NS-Elite in Braunsfeld

Dieser Blog soll vor allem der Erinnerung an die Opfer des NS in Braunsfeld dienen. In folgenden Beitrag liegt der Fokus jedoch auf der Täterseite. Denn auch das Benennen der Verantwortlichen für den Holocaust ist uns ein Anliegen. Die Profiteure des NS, zu denen gerade in Braunsfeld ein überwiegender Teil der Bevölkerung gehörte, führten in der Regel ein „normales“ Leben. Auch nach 1945 gingen sie ihren Berufen und Karrieren nach, partizipierten im Vereinsleben, lebten weiter in ihren Häusern. Vergessen und verdrängt wird im Zuge von Familien-, Unternehmens und Stadtteilgeschichten oftmals der Profit an den Enteignungen, der Verfolgung und Ermordung der jüdischen Nachbarinnen und Nachbarn.
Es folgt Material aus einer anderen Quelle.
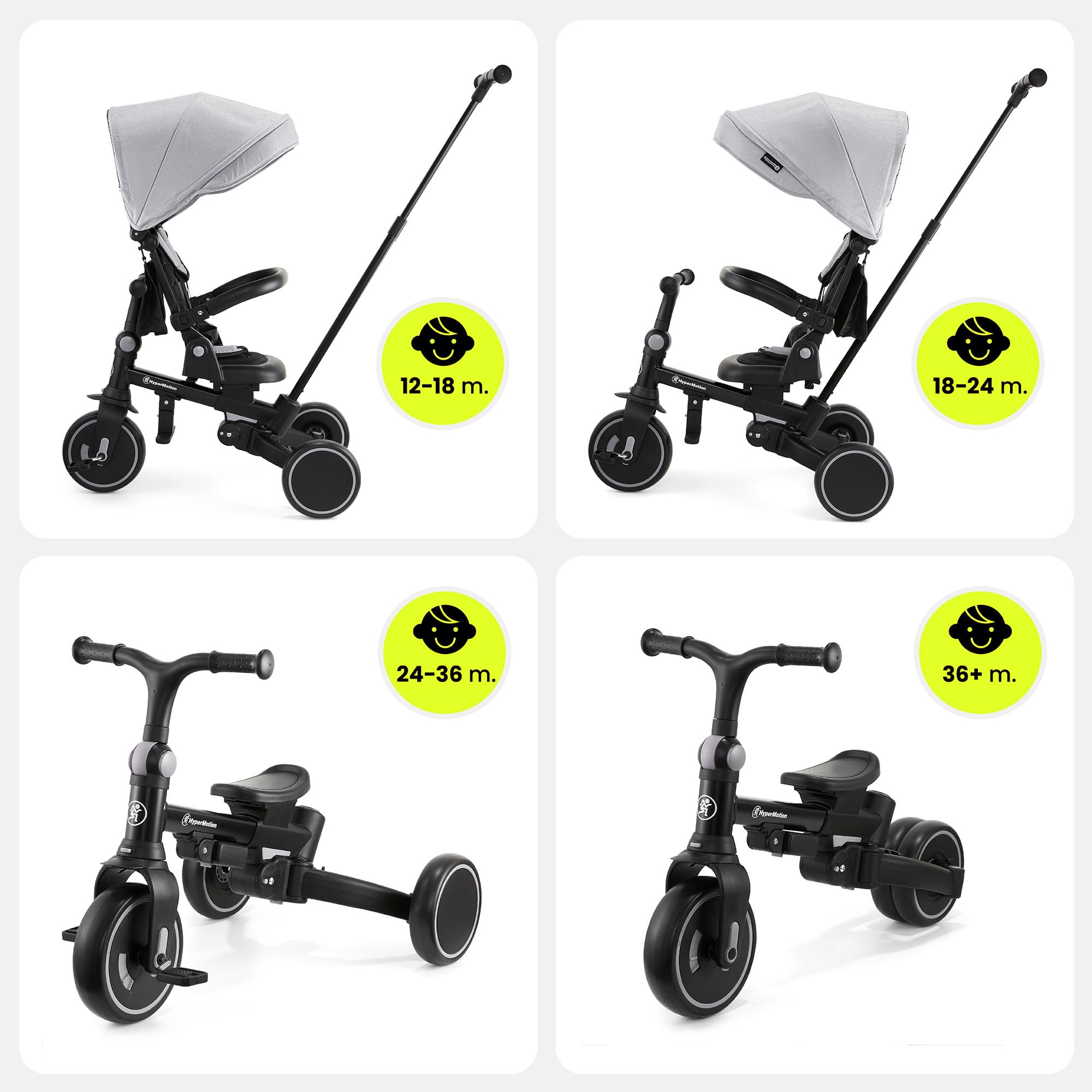HyperMotion Triciclo Evolutivo 8 en 1 con Asiento Giratorio 360° – Triciclo Bebe Reclinable y Plegable con Capota, Arnés y Barra de Empuje – Trike Infantil para Niños de 1 a 5 Años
Auf die im Folgenden erwähnten Personen, die alle im Zusammenhang mit dem nationalsozialistischen Regime standen, sind wir bei unseren Recherchen gestoßen. Ein vollständiges Bild, dass die Verbindungen zwischen diesen Amtsträgern, Wirtschafts- und Funktionseliten näher beleuchtet lässt sich an dieser Stelle nicht zeichnen. Die Häufigkeit, mit der die NS-Funktionsträger in unmittelbarer Nähe zueinander in Braunsfeld lebten, lässt jedoch einen Eindruck davon entstehen, wie „braun“ das alltägliche Leben in diesen Straßen war.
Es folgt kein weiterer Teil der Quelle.